OnlyOffice? FreeOffice?

by kkfx 12 minutes ago

Considering that office suites are software from a bygone era, born from the idea of letting untrained secretarial staff use a PC as an advanced typewriter and calculator, the business and the squabbles surrounding them, which have absolutely nothing to do with FLOSS, are frankly laughable, if they weren't so pathetic.

LibreOffice (and any office suite) is a piece of software as massive as it is absurd, and those who use it don't even realise it, which is why there's so much business built around it. It's 2026; information shouldn't be managed in scattered files designed for printing and then used on screens anyway. It's high time people were taught how to actually use a computer, rather than playing around with software that hoped to make computers usable for those who don't know how to use them, and has done more harm than good in the process.

by psim1 2 hours ago

LibreOffice almost seemed irrelevant; with cheap to free (*included) tools in abundance, such as MS Office, Google Workspace, Apple Pages/Numbers/Keynote, the need for LibreOffice is not what it once was, back when StarOffice and OpenOffice were liberating people from the tyranny of Microsoft.

Now it's worse than irrelevant, it's a liability.

by opan 2 hours ago

It's still the only free as in freedom office suite option I'm aware of. I do try my best to avoid needing such software at all (I prefer to stay inside vim), but it has its uses when dealing with files from other people, or niche stuff like importing XML and saving as a CSV.

by mananaysiempre an hour ago

For what it’s worth, AbiWord and Gnumeric are still around (but are of course much less capable).

by fhdkweig 42 minutes ago

About 10 years ago the Ubuntu package manager borked my installation of LibreOffice (or maybe it was OpenOffice then). I only used it for spreadsheets and Gnumeric was able to open the ODS files just fine. There was only one function that I need to change (DaysInYear for handling leap years).

If for any reason I have to go back to it, I think I can.

by megnu an hour ago

Gnumeric is great. It's the only one that holds up with massive CSV files and remains snappy. So I tend to prefer it. Functions are more limited than Calc though.

by queenkjuul 2 hours ago

MS office has never been cheap or included

by bananamogul an hour ago

I guess you don’t remember a time when spreadsheets sold for $495 a seat. And that was just the spreadsheet.
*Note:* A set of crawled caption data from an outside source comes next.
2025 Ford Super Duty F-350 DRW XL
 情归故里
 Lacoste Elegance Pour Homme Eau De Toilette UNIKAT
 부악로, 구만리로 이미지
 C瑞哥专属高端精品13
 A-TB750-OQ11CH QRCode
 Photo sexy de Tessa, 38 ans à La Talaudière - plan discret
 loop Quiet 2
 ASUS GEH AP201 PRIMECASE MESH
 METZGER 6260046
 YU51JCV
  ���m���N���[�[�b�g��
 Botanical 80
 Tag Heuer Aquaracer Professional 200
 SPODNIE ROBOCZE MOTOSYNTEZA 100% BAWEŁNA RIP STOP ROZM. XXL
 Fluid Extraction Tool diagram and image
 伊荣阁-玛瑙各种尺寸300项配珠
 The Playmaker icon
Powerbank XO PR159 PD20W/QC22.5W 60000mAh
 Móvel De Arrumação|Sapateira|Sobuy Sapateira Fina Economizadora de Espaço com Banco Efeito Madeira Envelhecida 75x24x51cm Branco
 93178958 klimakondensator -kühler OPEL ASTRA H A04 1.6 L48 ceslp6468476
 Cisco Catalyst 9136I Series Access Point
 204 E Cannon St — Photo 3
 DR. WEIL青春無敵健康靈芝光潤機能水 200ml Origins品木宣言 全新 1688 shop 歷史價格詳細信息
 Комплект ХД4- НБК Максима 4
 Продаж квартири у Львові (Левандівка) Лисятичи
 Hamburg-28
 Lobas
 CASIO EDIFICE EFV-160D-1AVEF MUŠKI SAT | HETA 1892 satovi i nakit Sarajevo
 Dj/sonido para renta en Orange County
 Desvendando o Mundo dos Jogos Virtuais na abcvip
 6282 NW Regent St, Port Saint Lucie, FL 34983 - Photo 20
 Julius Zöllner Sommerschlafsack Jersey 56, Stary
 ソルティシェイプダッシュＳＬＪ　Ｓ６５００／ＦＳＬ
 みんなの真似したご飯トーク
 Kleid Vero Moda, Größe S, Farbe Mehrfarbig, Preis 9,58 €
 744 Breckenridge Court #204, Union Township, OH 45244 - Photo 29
IIRC, Excel 1.0 retailed for $99.

by ssl-3 4 minutes ago

One source[1] says the first release of Excel (for the Mac, in 1985) had a price of $395, or about $1,200 in inflation-adjusted 2026 dollars.

[1]: https://archive.org/details/history-of-PC

by downrightmike an hour ago

Forced +$30 per seat per month to get people loaded into their proprietary AI

by add-sub-mul-div an hour ago

It's $8.30/month. It's cheaper than Netflix and Amazon Prime.